Камминг, охотившийся в Африке, сообщает нам, что шкура только что убитой южноафриканской антилопы – как и многих других видов антилоп – издает удивительно приятный запах травы и деревьев. Хотелось бы, чтобы каждый человек походил на дикую антилопу, чтобы он был частью природы и сама его персона уже уведомляла наши чувства о его присутствии и напоминала бы о тех местах, где он чаще всего бывает. У меня нет желания посмеяться над охотником, чья одежда пахнет ондатрой. Для меня этот запах приятнее, чем тот, что исходит от одежды торговца или ученого. Когда я открываю гардероб и касаюсь платья, у меня не возникает воспоминаний о луговых цветах и травах, по которым они ходили. Оно скорее напоминает мне о пыли бирж и библиотек.

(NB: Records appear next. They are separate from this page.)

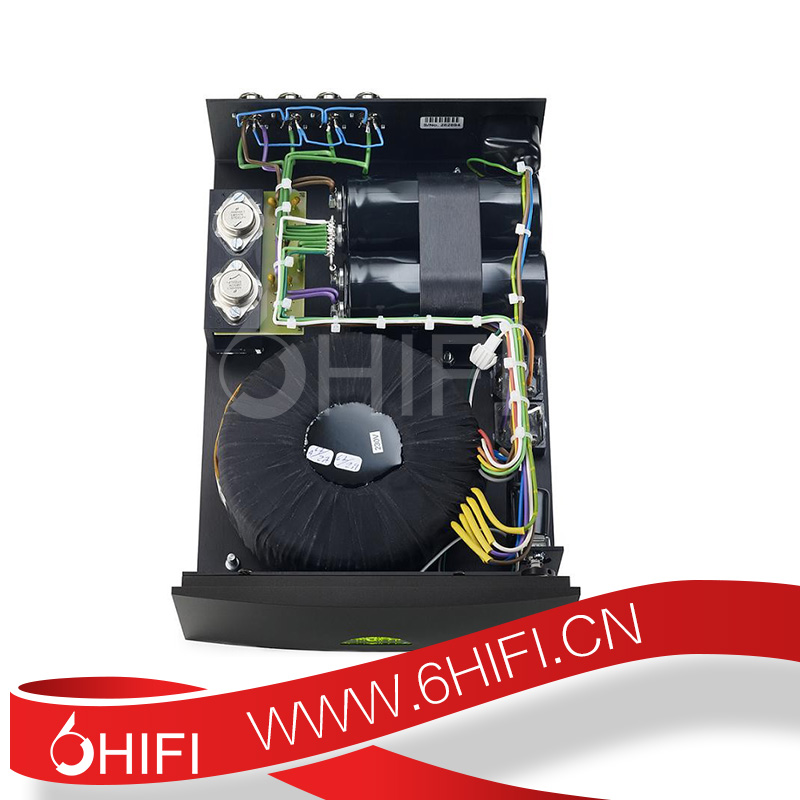 茗Naim HiCap DR 電源供電器【全新行貨】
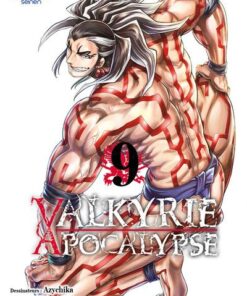 Valkyrie Apocalypse T09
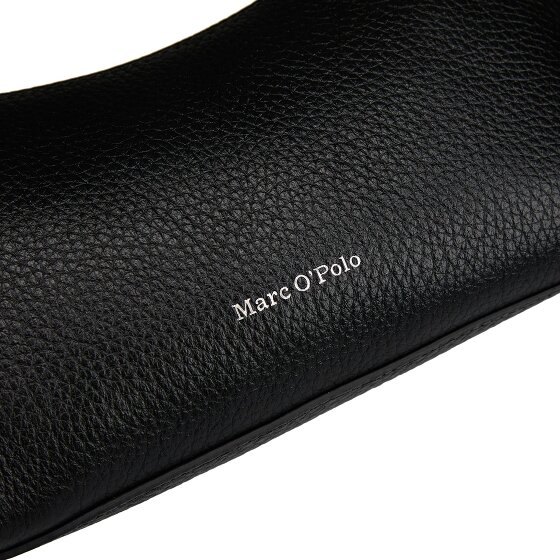 Marc O'Polo Schoudertas M Leer 30 cm
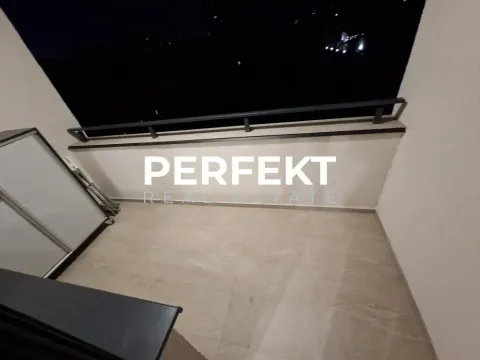 Rent, two bedroom apartment, 57m², Centar, Pančevo - image 11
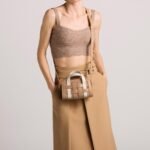 Mini Woven Bag - Image 10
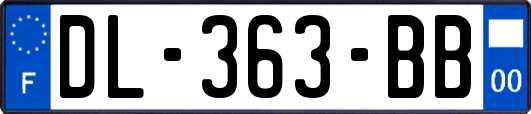 DL-363-BB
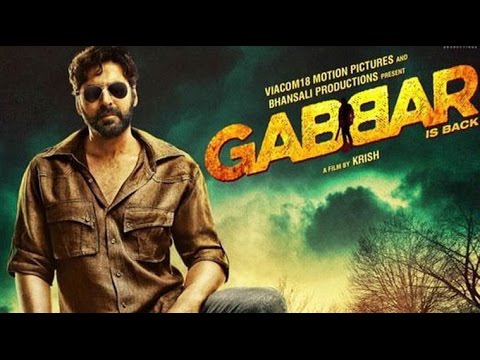 Download film gabbar is back sub indo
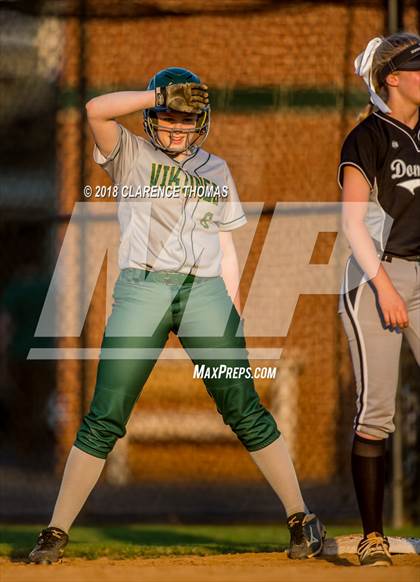 Thumbnail 1 in Dominion @ Loudoun Valley photogallery.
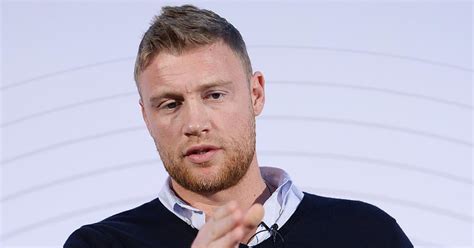 An Update on Freddie Flintoff's Current Health Status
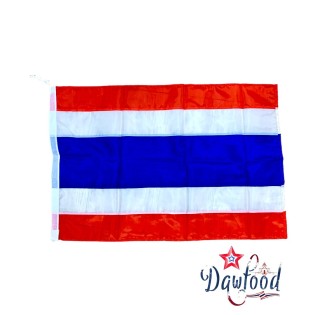 ธงชาติไทย ขนาด 40 x 60 cm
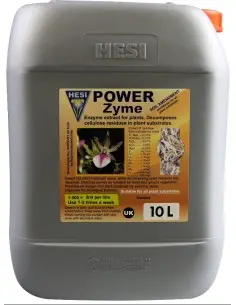 Hesi Power Zyme 10 Litre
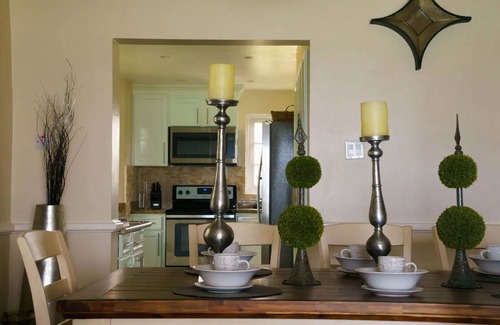 Lagoons Apartment | Lagoons Penthouse, 4 bedroom/4 bathroom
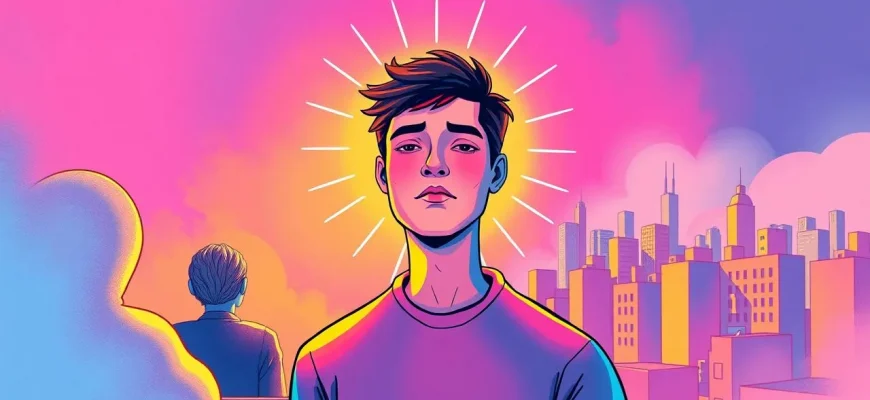 自閉症の伝記映画10選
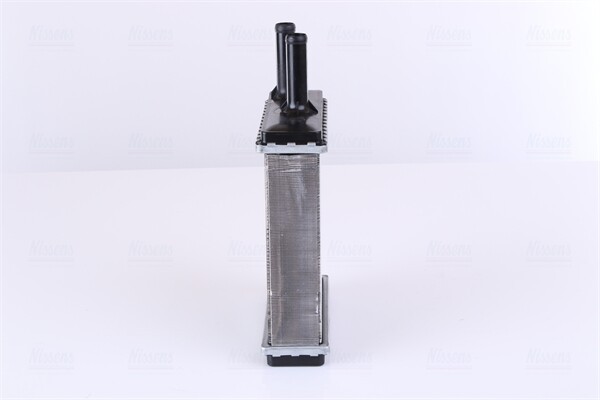 Теплообменник, отопление салона 77505 NISSENS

Загорелая кожа вызывает не просто уважение: человеку, живущему в лесу, гораздо больше подходит смуглый цвет, чем белый. «Этот бледнолицый человек!» Неудивительно, что африканцы его жалели. Дарвин-натуралист писал: «Белый человек, купавшийся рядом с таитянином, выглядел точно бледное, взращенное искусством садовника растение по сравнению с прекрасным темно-зеленым растением, буйно разросшимся в открытом поле».
Бен Джонсон восклицал: «Все то добро, что истинно прекрасно!» Я же скажу так: «Все то добро, что истинно природной Жизнь и дикая природа неотделимы друг от друга. Самое жизненное и есть самое неукротимое, еще не подчинившееся человеку, дающее ему новые силы. Тот, кто всегда стремится вперед и не ищет отдыха от трудов своих, кто быстро развивается и все большего требует от жизни, всегда будет начинать свой день в новой стране или в диком месте, а вокруг него будет сырой материал, из которого возникает жизнь. Он будет пробираться через поверженные стволы деревьев первобытного леса.

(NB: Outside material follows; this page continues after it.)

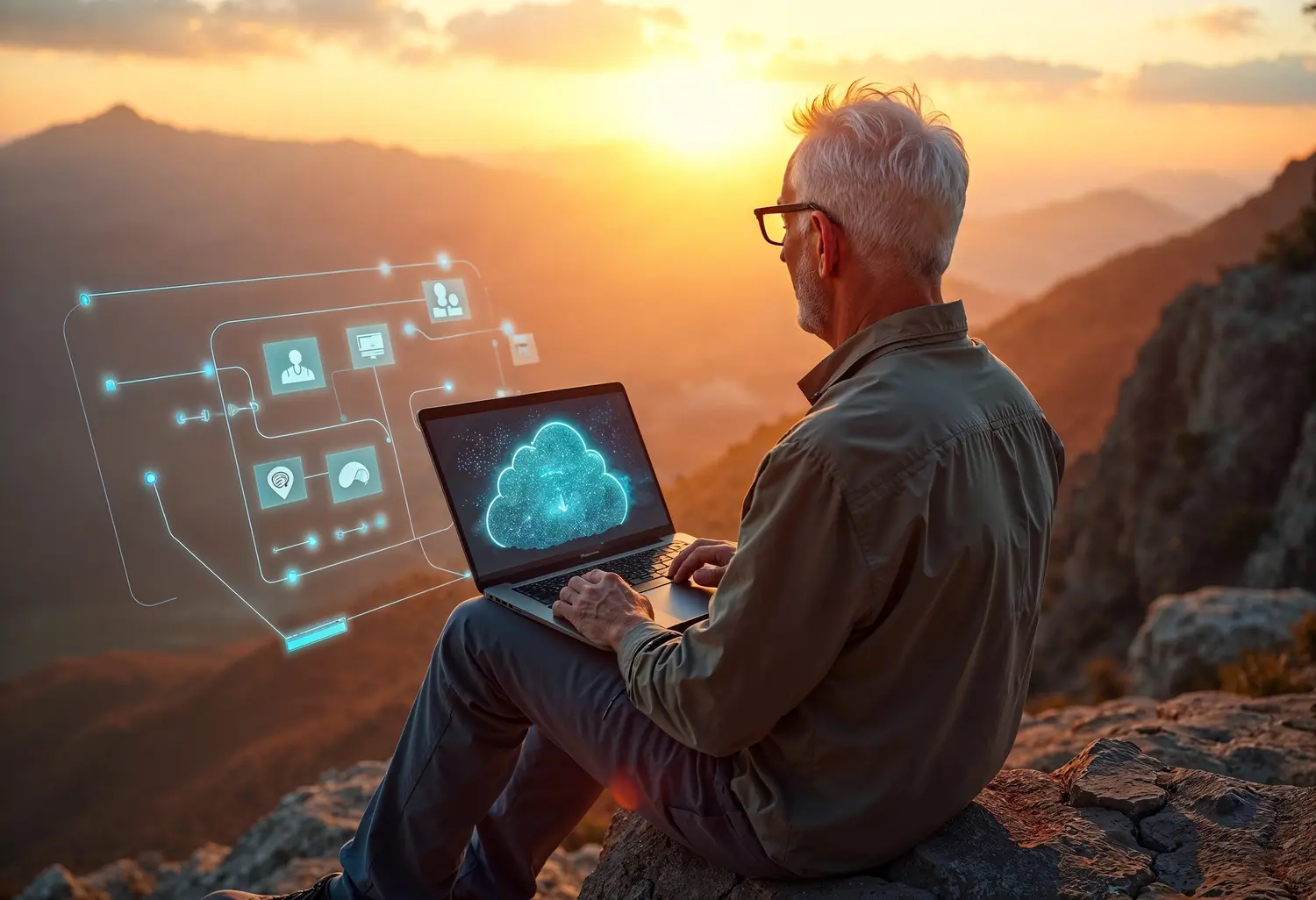 ICML 2026: ExpressVPN secures cloud access and collaborative tools for mobile AI teams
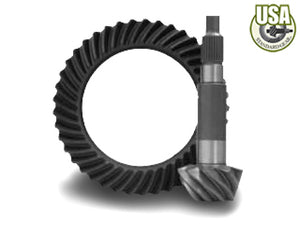 USA Standard Replacement Ring & Pinion Gear Set For Dana 60 in a 4.56 Ratio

Надежда и будущее ассоциируются для меня не с обработанными полями и лужайками, не с городами, а с непроходимыми топями и болотами. Когда я задумывался над тем, что мне нравилось в ферме, которую собирался купить, я обнаруживал, что каждый раз меня привлекало лишь одно – несколько квадратных метров непроходимого болота, того естественного стока, который находился на краю участка. Оно-то и было тем самым алмазом, который ослеплял меня. Я получаю больше средств к существованию от болот, окружающих мой родной город, чем от садов, растущих в поселке. Для меня нет богаче цветника, чем густые заросли карликовой андромеды (Cassandra calyculata), которые покрывают эти нежные места на поверхности земли. Ботаника дает лишь названия кустарников – голубика, метельчатая андромеда, кальмия, азалия, рододендрон, – которые растут среди колышащегося торфяного мха. Я часто думаю: хорошо бы, чтобы окно моего дома выходило на эти разросшиеся кустарники, а не на цветочные клумбы или бордюры, пересаженную ель и аккуратно подстриженный самшит или даже посыпанные гравием дорожки; хорошо бы видеть из окон этот плодородный участок, а не кучи земли, привезенной для того, чтобы прикрыть песок, вынутый из-под дома во время рытья погреба. Почему бы не поставить мой дом, мою гостиную позади этого участка, а не за тем скудным набором диковинок, той жалкой апологией Природы и Искусства, которую я называю палисадником? Совсем непросто все убрать и привести в порядок после того, как ушли плотник и каменщик, которые потрудились, чтобы было приятно и жильцу, и прохожему. Я никогда не находил удовольствия в том, чтобы рассматривать даже самую изящную загородку перед палисадником. Мне скоро надоедали и начинали меня раздражать хитроумные узоры решеток с шишечками и прочими штуковинами в виде наверший. Ставьте порог на самом краю болота – хоть это и не самое подходящее место, где можно выкопать сухой погреб, – так, чтобы соседи не могли попасть к вам в дом с той стороны. Палисадники делают не для того, чтобы в них гулять, а в основном для того, чтобы через них проходить, но войти в них можно и через задний двор.
Конечно, вы можете решить, что я ненормальный упрямец, но все-таки, если бы мне предложили жить по соседству с самым прекрасным в мире садом, когда-либо созданным человеческим искусством, или же рядом с гиблым болотом, я наверняка выбрал бы болото. А значит, и все труды ваши, дорогие сограждане, представляются мне совершенно напрасными!